چكيده به لاتين
In recent years, deep neural networks have been used for a wide range of tasks such as image classification, object detection and speech recognition. As the applications of deep neural networks are growing, their capacity and scale are also growing, which requires more processing and memory resources for inference and training such networks. For deep neural networks to work properly, they usually have to be trained with a large data set to adapt the networks to specific applications. Such training usually takes days, weeks or even longer and consumes a significant amount of energy. Therefore, there are high demands for accelerating the training process through developing new algorithms or specialized accelerator architectures. However, there are still not many accelerators for training deep neural networks and most of the existing accelerator architectures focus on inference. The training process generally involves forward propagation, back propagation and weight update operations, which involve repetitive processing of these operations, which are mainly composed of addition and multiplication operations, which consume high memory and energy and create a challenge for hardware implementation.

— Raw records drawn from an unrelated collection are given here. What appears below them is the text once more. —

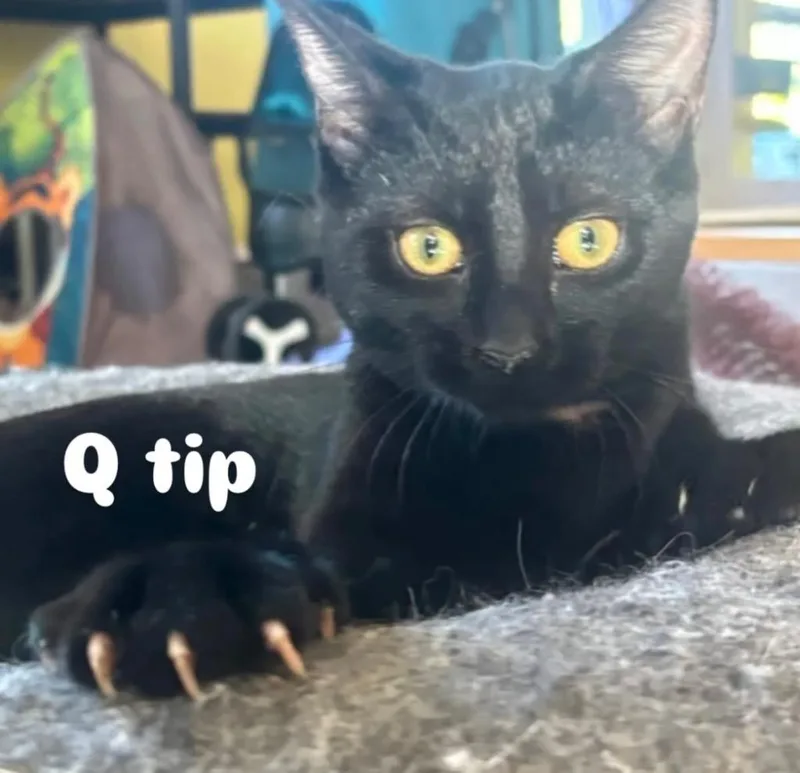 A baby small-sized female Domestic Short Hair cat named Qtip Aka Quinn Prospect for adoption in Gorham, ME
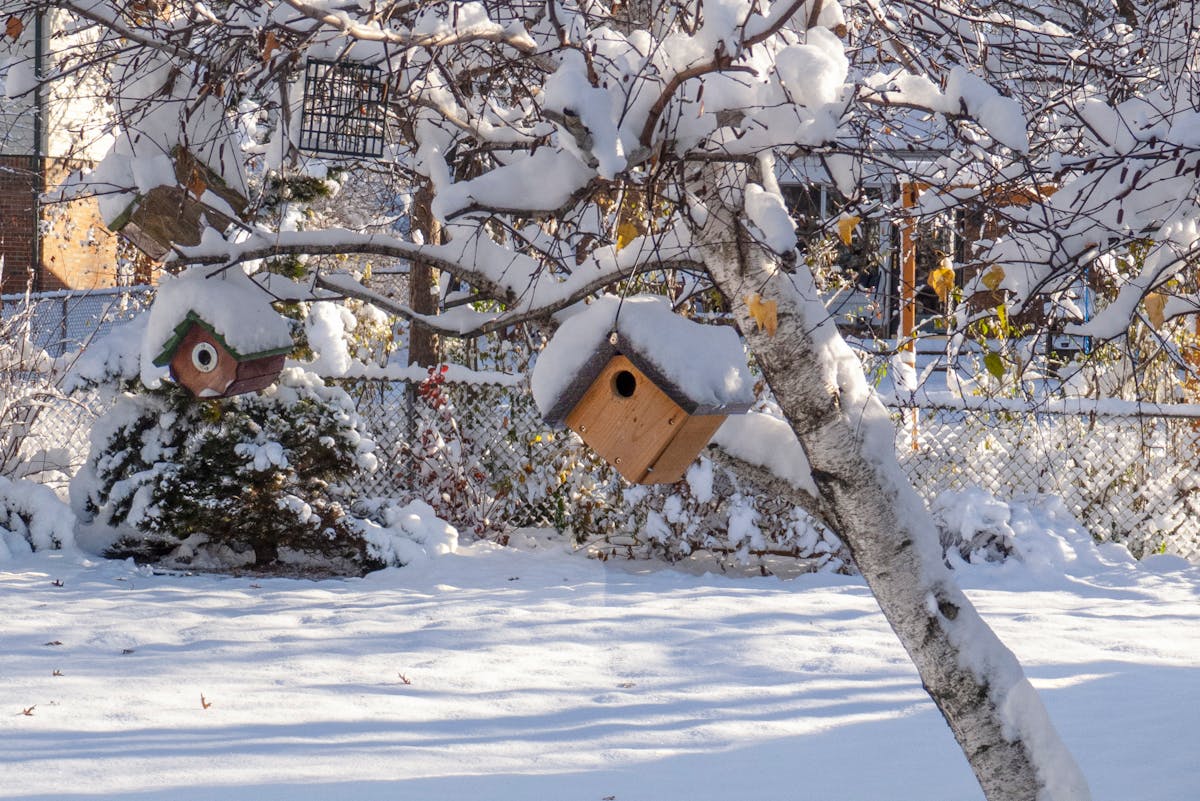 После крещенских морозов погода ухудшится: идет оттепель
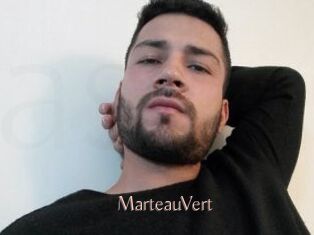 MarteauVert Anal Sexe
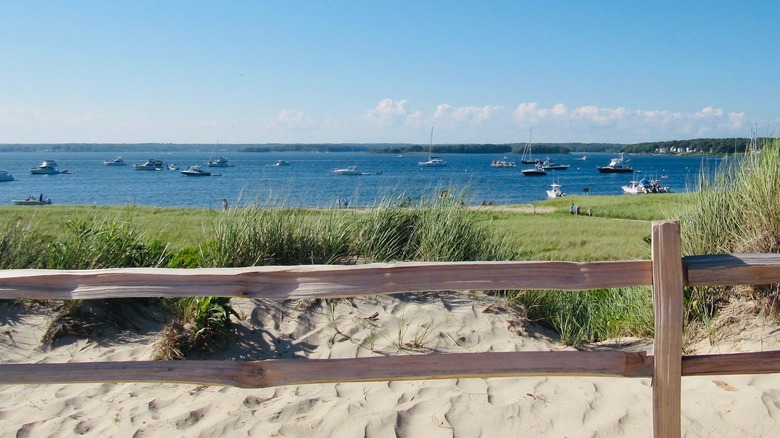 beach overlooking boats in water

To address the challenges mentioned, recently, most of the efforts to reduce the processing workload and reduce the training time of neural networks are focused on approaches such as distributed training, data compression, and low-precision training.
In this research, we propose a new data-aware compression approach called S2NN to exploit sparsity and similarity in input vectors, weights and gradients in the training phase for different hardware accelerators of deep neural networks and propose a new accelerator architecture to implement data flow to reduce the irregularities created. To evaluate the performance of the proposed method, this method was tested on three deep neural networks. Our results show that the proposed method is 27.1× and 59.8× superior to the Eyeriss accelerator in terms of average performance and energy consumption, respectively. Also, it is 4.7×, 6.8×, 3.9× and 2.6× faster compared to accelerators that are aware of sparsity and similarity. It reduces the average energy consumption compared to them by 3.5×, 7.2×, 3.6× and 2.5×.